I probably spent more time that I should have on Thursday debating the likelihood of whether this photograph was staged or genuine.
It’s an arresting, sexy picture, as if an American Apparel ad had been airbrushed into a scene of civic unrest. The pair who are kissing look beautiful, like models called in to perform for this one moment, and the eye cannot help but fall to the supine woman’s leg. Her skirt is hiked up and the leg is exposed, curving up to the point where her thigh meets and the dissolves into the concealed possibilities of her hips. It’s erotic, and looking at it you can almost feel the blush of sexual passion that must have animated the couple.
But is just looks a little too artful, a little too beautiful to be real.

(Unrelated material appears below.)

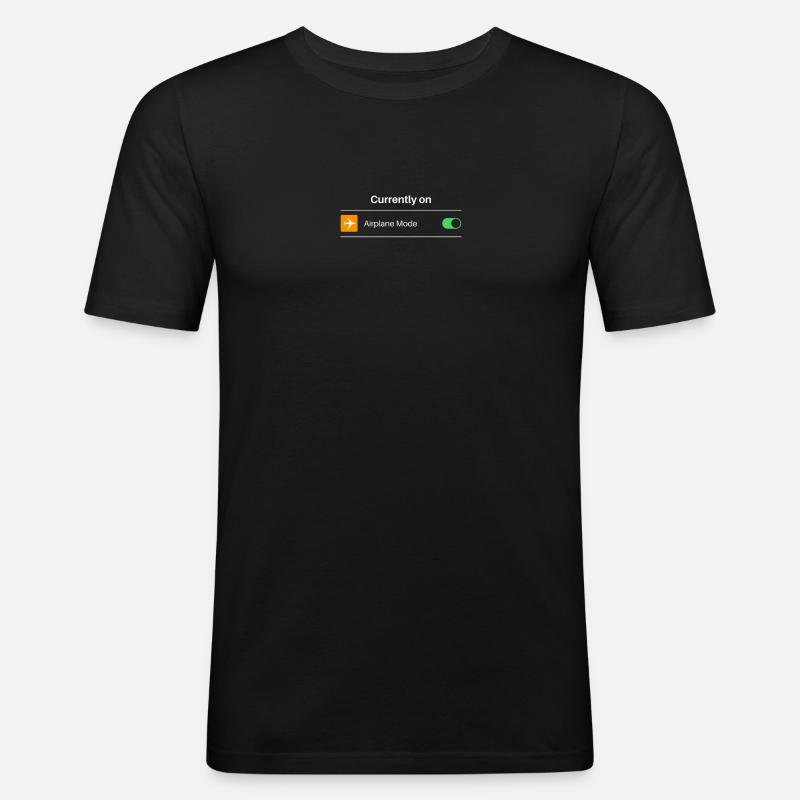 Flightmode - Currently on airplane mode - Männer Slim Fit T-Shirt - Schwarz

It’s easy for me to imagine in this era of the instant multiplication of images, somebody with a mind toward art direction spontaneously staging this shoot. The perfection of the image and it’s juxtaposition to the riotous action of the night seems positively theatrical, and given the vagaries of the human condition, it’s surprising that the people engaged in the kiss are beautiful instead of, well, not so beautiful. It is, in fact, almost as if they were cast.
The image that precedes it, this one:
Taken from an entirely different vantage point, almost as if by a surveillance camera, it reveals a different narrative than love conquers all. On a Facebook thread, most people seeing this image saw a sexual assault about to take place, whereas I saw evidence of the intentional staging of ephemera art. This is instructive, of course. As images pour toward us we grab them and create symbols that suit our purposes, the stories we want to tell, thus reducing the original images to cyphers ever open to interpretation.

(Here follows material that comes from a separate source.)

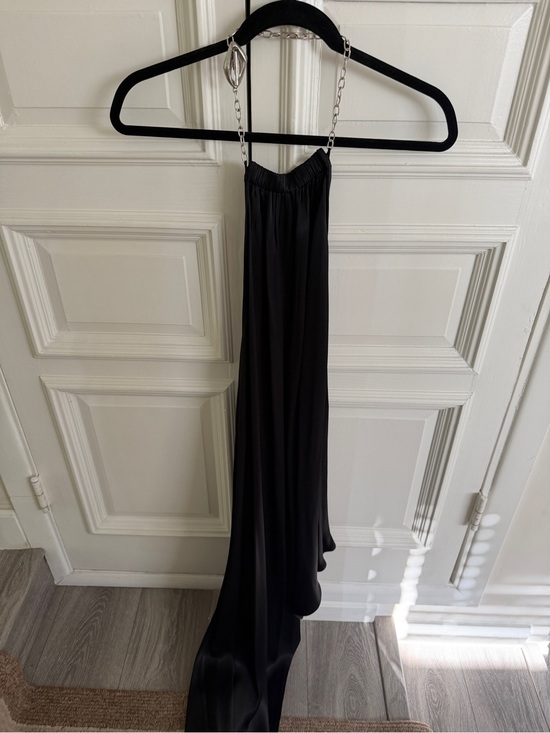 REVOLVE Dresses & Skirts - Black Satin Halter Maxi Dress with Chain Strap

The vast majority of people at the riot were spectators. Hoping to situate themselves in the midst of a great narrative, they hung-about, amateur documentarians taking pictures with their iPhone and Blackberry’s. Well meaning, sort of, they probably imagined they were guardians of the truth, creating a wall of accountability, but it’s just as likely that they created a soft, yet impenetrable flank that the police could not pass through, enabling rather than deterring the rioters.

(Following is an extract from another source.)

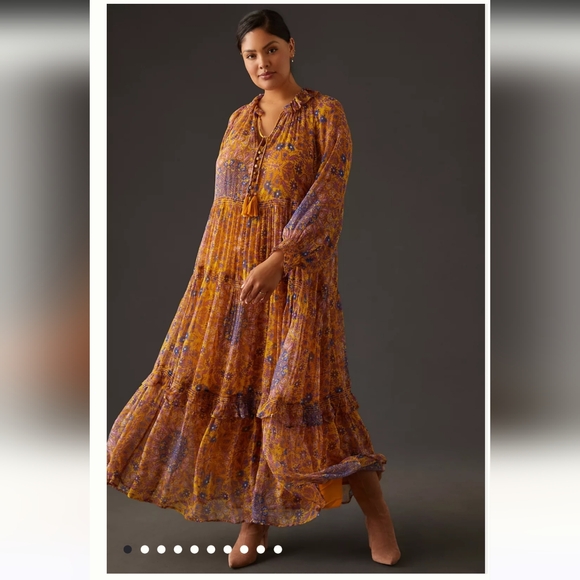 Anthropologie The Marais Printed Chiffon Dress. Multicolored. Size Small. NWOT. - Picture 3 of 15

* The couple in the picture have been identified, and the story as it unfolds is that they were knocked over by the riot police. The girl was shaken-up and some people wandered over to see if she was alright. (second photograph) The boyfriend, a 29 year-old from Australia, described by his mother as “not always connecting with what’s going on around him,” ( Thanks mom!) decided to give her a comfoting kiss, and so it would appear that the photograph is in fact entirely genuine and entirely beautiful, if ever open to our interpretative needs.